I read an article the other day in which the author declared, “I’m not a liar. But Facebook is.” She went on to say that the image of her life, as created by her Facebook comments and photos, was much rosier than her actual life. In a way, she was creating a lie about herself.
This is probably true of most of us. We use social media mostly to share happy moments, to revel in our small (and large) successes, to announce good news. We occasionally gripe or vent or complain, but despite that, most of us unintentionally post an incomplete picture of our lives, and one that paints us as happier, more successful, and more fulfilled than we actually are.

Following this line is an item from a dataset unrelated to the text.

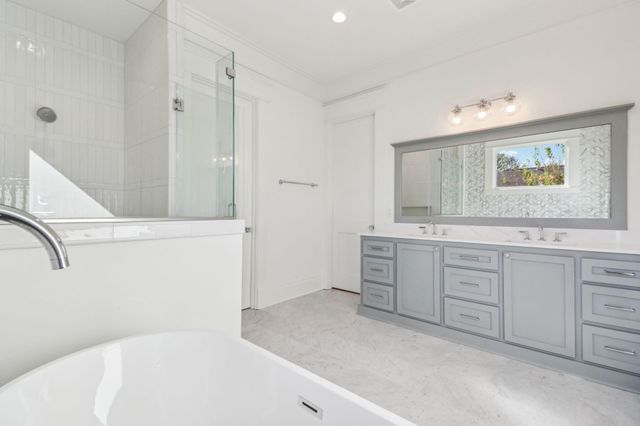 709 Ridge Street, Houston, TX 77009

So today, I am going to admit some truths that aren’t always seen on my Facebook or my blog pages.
I love my kids, but some days they drive me crazy. Like, crying in the bathroom crazy. Like, sending them to their room so I can calm down crazy. Like, meeting my husband at the door with my car keys in my hand at the end of the day crazy.

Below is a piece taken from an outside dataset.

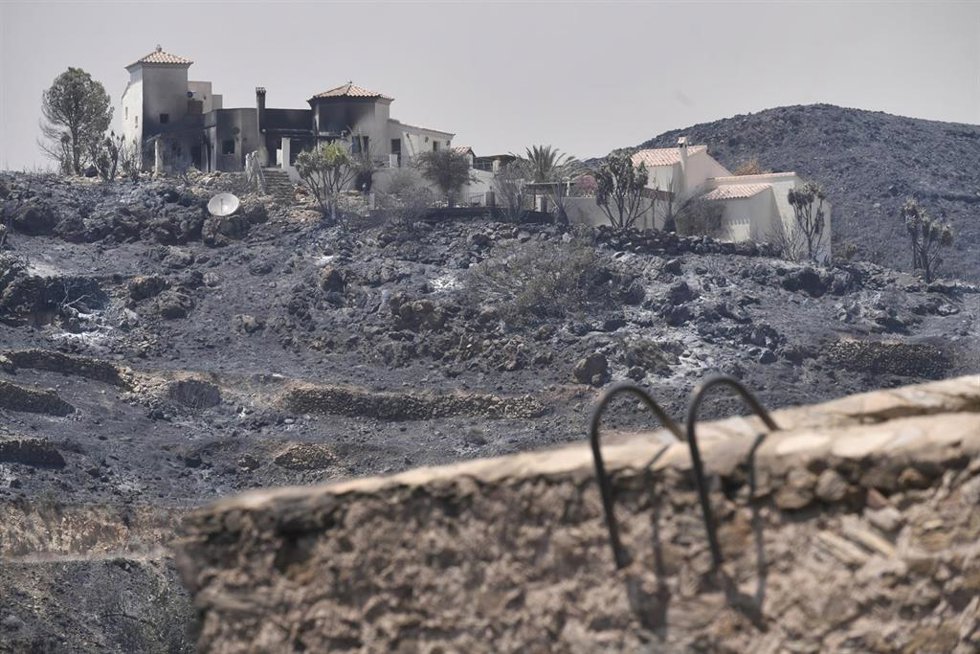 Una casa calcinada, en el incendio forestal, a 10 de julio de 2026, en Los Gallardos, Almería, Andalucía (España).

It took me years – literally years to potty train my kids. I fake my way through a lot of parenting. I act like I know what I’m doing, but I’m totally flying by the seat of my pants. I let my kids watch TV and play with their Kindles a lot more hours of the day than I should. Sometimes I don’t take them outside to play because I don’t feel like going outside. I don’t offer them vegetables as often as I should.
I love my husband – a LOT – but there are times when I really, really want to punch him in the nose. Or at least Gibbs-slap him for being clueless. Sometimes we yell at each other, usually about stupid stuff. When I get mad at him, I do stupid, childish, passive-aggressive things like making him get his own dinner plate, even though I bring everyone else’s to them. Or I bring everyone’s clean laundry upstairs and leave his in the laundry room or on the stairs. (I strongly suspect he has never noticed either of these things, but it makes me feel better, in a petty, vindictive kind of way.)
I am terrified of home schooling. Even though part of me knows I am perfectly qualified to do it, at least for a few years, another part of me is sure that I’ll leave him unprepared for life and he’ll end up in some boring, dead-end job because I didn’t teach him to use a ten frame properly.
I make it a joke on Facebook, but I really do let my kids run around without pants on a lot of the time. And there are still a lot of days when we don’t change out of our pajamas until after lunch. Sometimes we don’t brush our hair or teeth till then either. And sometimes not even then.
I let them do stuff they probably shouldn’t, like climbing up the stairs on the other side of the bannister, or sliding down the bannister, or going outside with bare feet or no coat when it’s only 45 degrees out, or riding their bikes in the driveway without a helmet.